Le 7 octobre, le Hamas a monté une opération audacieuse et désespérée au cours de laquelle il a envahi le sud d'Israël et occupé une vingtaine de villes et de kibboutzim, tuant 1 140 personnes.
Cet assaut aérien, terrestre et maritime soigneusement coordonné par le Hamas, proscrit en tant qu'organisation terroriste au Royaume-Uni et dans d'autres pays, a été d'une ampleur écrasante. Il a stupéfié Israël et le monde entier.
Après plus d'un an de planification et d'entraînement, un millier de combattants ont percé le bouclier défensif d'un milliard de dollars qu'Israël avait laborieusement érigé autour de Gaza pendant plus d'une décennie.
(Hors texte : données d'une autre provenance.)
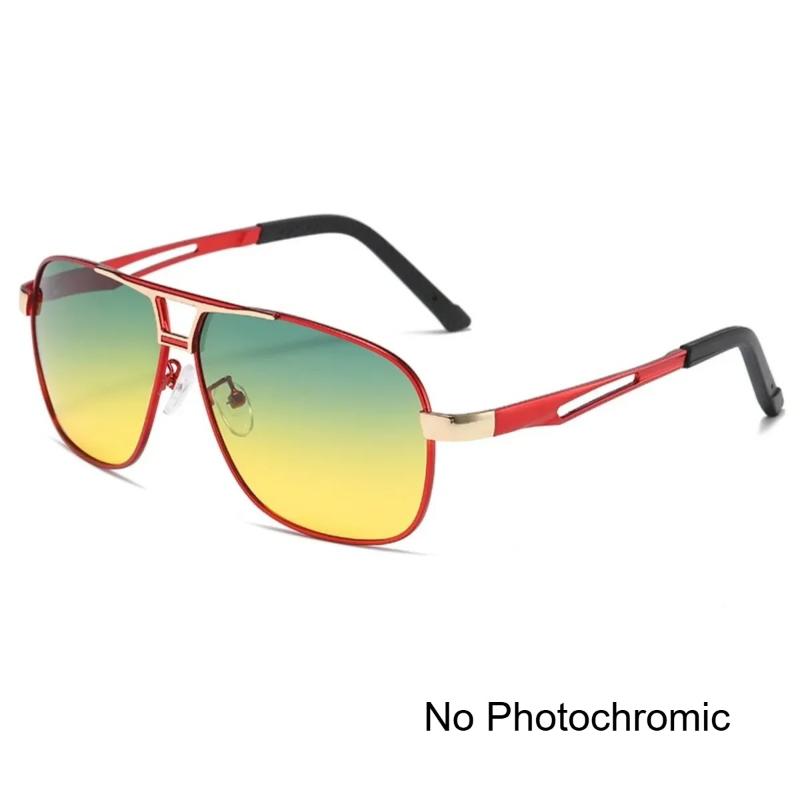 Men Night Vision Polarized Pochromic Sunglasses Aviator Style Yellow Color Change Lenses Driving Sun Glasses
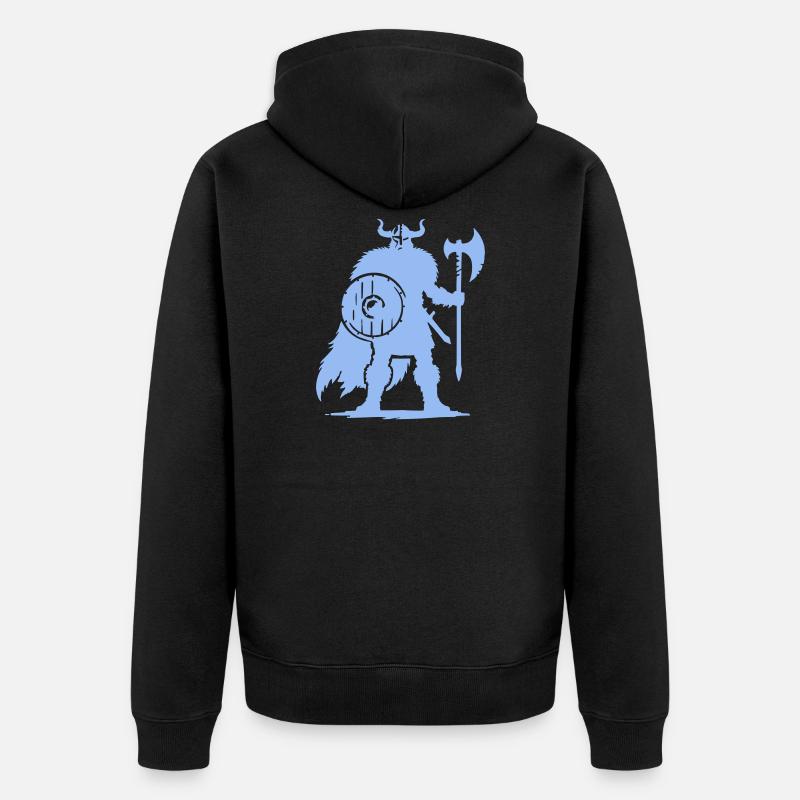 Guerrier viking avec hache et bouclier - Veste à capuche bio Premium Unisexe - noir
Cet assaut a montré à tous que toutes les technologies sophistiquées du monde peuvent être vaincues par une petite force de guérilla utilisant la surveillance, la planification et de tactiques dispersées sur le champ de bataille.
Le Hamas a brisé les mesures de sécurité que les Israéliens ont cru impénétrables. Il a réduit à néant toutes les hypothèses que les services de renseignement militaire israéliens avaient formulées au sujet du Hamas.
Le Shin Bet et l'armée israélienne estimaient avec suffisance que le Hamas avait trop à perdre pour monter une opération d'envergure contre Israël, qu'il était plus intéressé par le maintien de son autorité sur Gaza que par une entrée en guerre. Ils avaient tout faux.
Rébellion contre le pouvoir
Israël et son siège de Gaza, en vigueur depuis 17 ans, ont réduit les habitants de la bande de Gaza au désespoir. La plupart d'entre eux ont perdu tout espoir d'une vie meilleure, d'un avenir meilleur. Ils vivent, mais à la merci des autres.
Les attaques étaient une rébellion contre la destinée, une proclamation que le peuple palestinien, quel qu'en soit le prix, combattra ses oppresseurs.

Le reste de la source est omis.